Occasionally you may find the 3D cursor is not visible within the 3D viewport, and there are a couple of reasons as to why it this could be the case.
The first reason is that you have moved the 3D cursor somewhere that is not visible within the current field of view, and so you may be required to orbit, pan, or zoom your view to locate it.
Go back to your location values of the 3D cursor in your viewports side panel and check to see if the values differ from the world origin. You can reset them back to 0,0,0 to move your cursor back to the center.
If that does not work then you will likely have hidden your 3D cursor from the overlays menu by accident.
To bring your cursor back into view, first, open the viewport overlays menu in the header of the 3D viewport.
Under guides, you will have the ability to turn on visibility for the 3D cursor if it is currently unticked. So enable this option to view your 3D cursor again.
If the cursor is still not visible and the rest of your guides, like the grid and origin, are also invisible, then click on the button next to the viewport overlays menu to enable your overlays. It should be highlighted blue when active.
Centering Your View Around The 3D Cursor?
Another way to use the 3D cursor is to have it as the focal point of your view, so that when you orbit, pan, and zoom in Blender you are doing so with the cursor as your ‘view’ origin, instead of the center of the world origin.
There are two ways to center the view to your 3D cursor. The first method is to go to the view menu in the header bar of the 3D viewport.
From the view menu, locate the align to view object and hover your mouse cursor over it to reveal the menu.
Choose the option labeled ‘center view to cursor’ and then your view will snap its focus to the cursor regardless of where it is located.
The second option is to hard lock your view to the position of the 3D cursor. This can be done by opening up your side panel and then accessing the view tab.
In the view section, we have a sub-menu for view locking. In this menu, we have the ability to lock our view to either the camera object or the 3D cursor. Select the 3D cursor and then Blender will snap to that location.
Centering Your View Around The World Origin?
What if you wanted to center your view to the world origin but did not want your 3D cursor to be positioned there?

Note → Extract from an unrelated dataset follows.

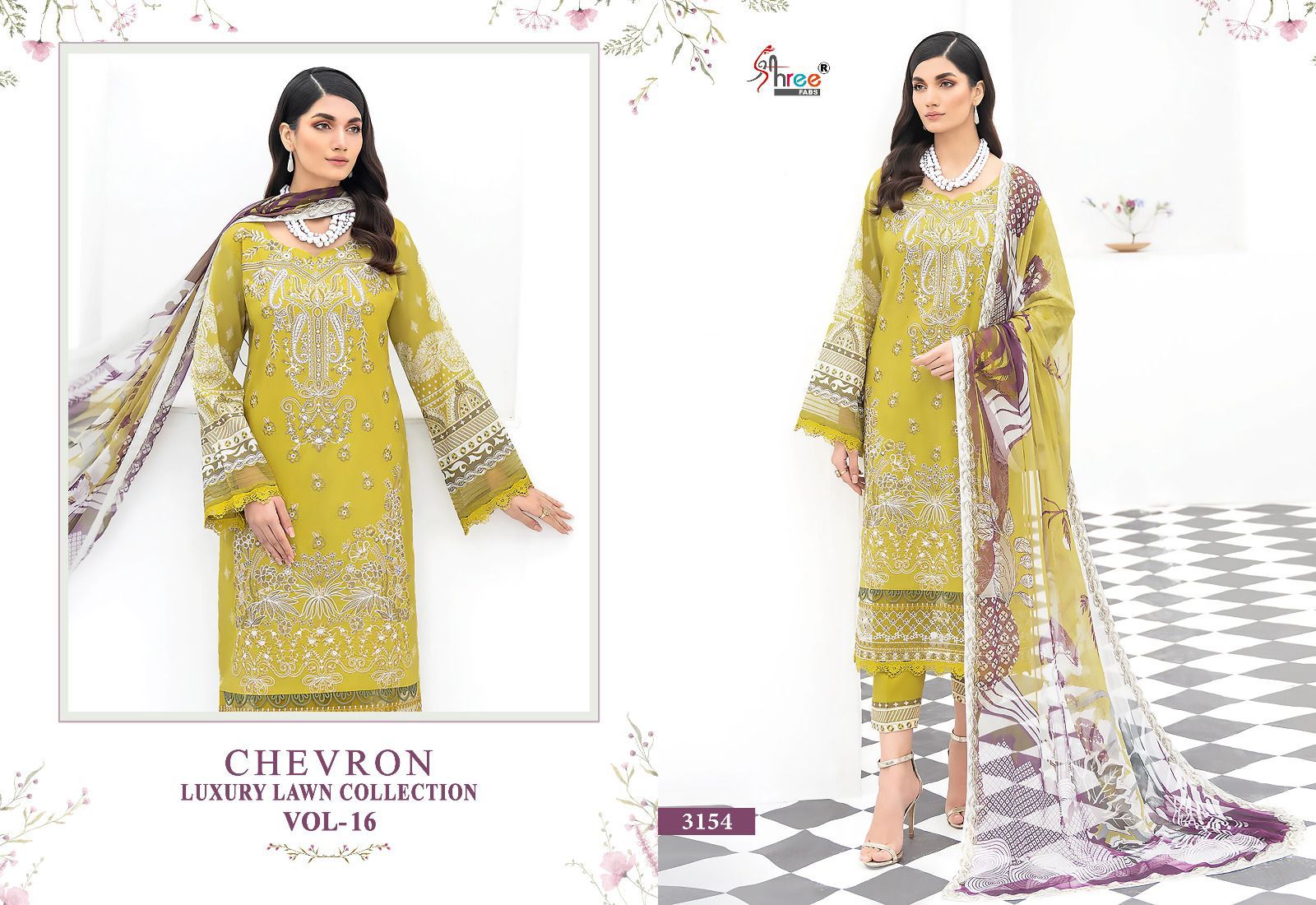 shree fabs chevron luxury lawn collection vol 16 lawn decen embroidery look salwar suit with siffon dupatta catalog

Blender always needs to use either an object or an element to act as the point of reference for the viewport camera.
So centering our view to the world origin requires us to have either an object (like a cube) or an element (3D cursor) at that location.
If you don’t want to use a cursor, then use an object instead. Create a new object and then position it at the coordinates 0,0,0. Then you can center your view to the active selection by pressing the period key on your number pad or by going to View>Frame Selected.